Q108_070726 Summarizing Romans, Chapter SixQ108_070726 Summarizing Romans, Chapter Six
How it Happens with Colin Cook
Colin Cook reflects on Romans, Chapter Six, linking its themes of ownership, freedom from sin and faith to the experience of addiction and isolation. The conversation focuses on shifting from a mindset of guilt and condemnation to living in a grace-filled identity that supports recovery.
14:45•7 Jul 2026
Romans 6, Addiction, and Finding a New Kingdom to Live In
Episode Overview
- Addiction is closely linked with isolation and feeling unattached from both family and God.
- Romans 6 is presented as teaching that people are lovingly ‘owned’ by God, changing their core identity.
- Being freed from sin means no longer being defined or condemned by it, even though failures still occur.
- Faith is described as redirecting the mind away from self-condemnation and towards the kingdom of righteousness and life.
- Viewing everyday troubles through faith can build ‘bounce-back-ability’ instead of deepening fear and shame.
“Faith does something that the mind simply cannot comprehend. It says, I look you in the face… but I will rejoice that you have been battered and overcome by the victory of Jesus Christ.”
What drives someone to seek a life without addiction and constant self-condemnation? This episode of "How it Happens with Colin Cook" turns to Romans, Chapter Six, as a way of answering that question, especially for people wrestling with alcohol, drugs, food, sex, gambling or deep anxiety. Colin reflects on a central idea from Romans 6: you’re "owned" by God, and that ownership is actually good news.
He links addiction to isolation – that painful sense of being unattached, disconnected from family, and cut off from God. Many in addiction have felt like their substance became their only companion, the "friend" they turned to when everyone else seemed absent. Against that backdrop, Romans 6 is presented as a radical shift in identity.
Colin talks about being a "love slave" in the household of a kind king, using the story of a slave who, once freed, chose to serve his master forever.
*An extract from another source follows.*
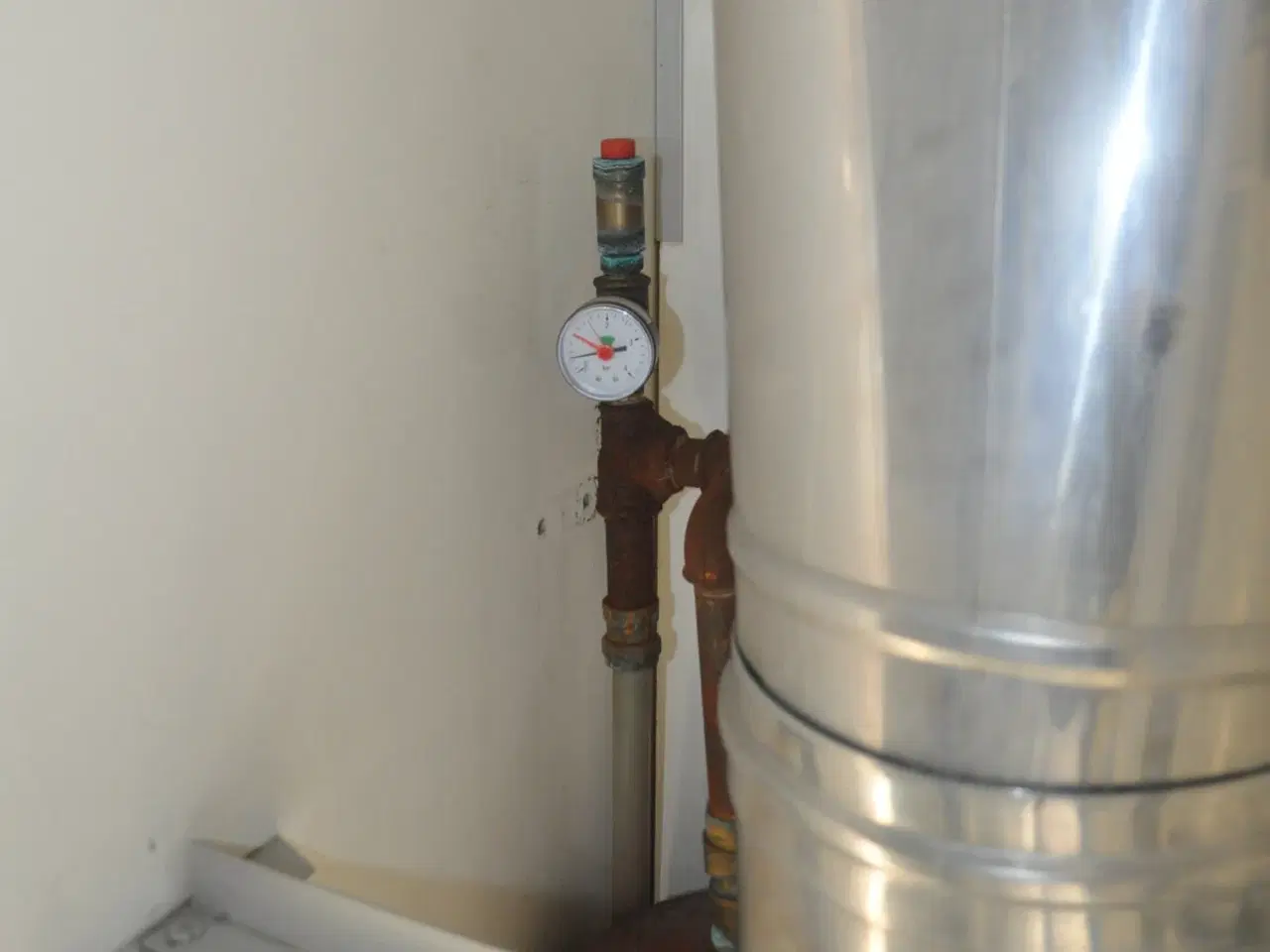 Billede 7 - Badvogn 2x4 med oliefyr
For him, this picture helps explain what it means to be "freed from sin" – not that someone suddenly stops all wrong behaviour, but that they’re no longer defined, condemned, or constantly judged by it.
He contrasts the "Sin Kingdom of Adam" — a mental and spiritual state of endless guilt, "you’ll never amount to anything", and fear of a harsh judge — with the "kingdom of righteousness and life" brought by Jesus. Addiction, shame, and self-hatred sit squarely in that first kingdom. Faith, he says, is what shifts the mind into the second, teaching it to "shut up" when it screams that God hates you.
Colin also speaks honestly about everyday stress: money worries, health scares, broken relationships, exhausting workdays. These, seen through the old lens, feel like proof that God is against you. Seen through faith, they’re framed as places where grace can reach you and where you can develop what he jokingly calls "bounce-back-ability". If you’ve ever felt adrift, owned by addiction instead of loved by God, this conversation might give you a new way to look at who owns your story.
What kingdom does your mind say you live in today?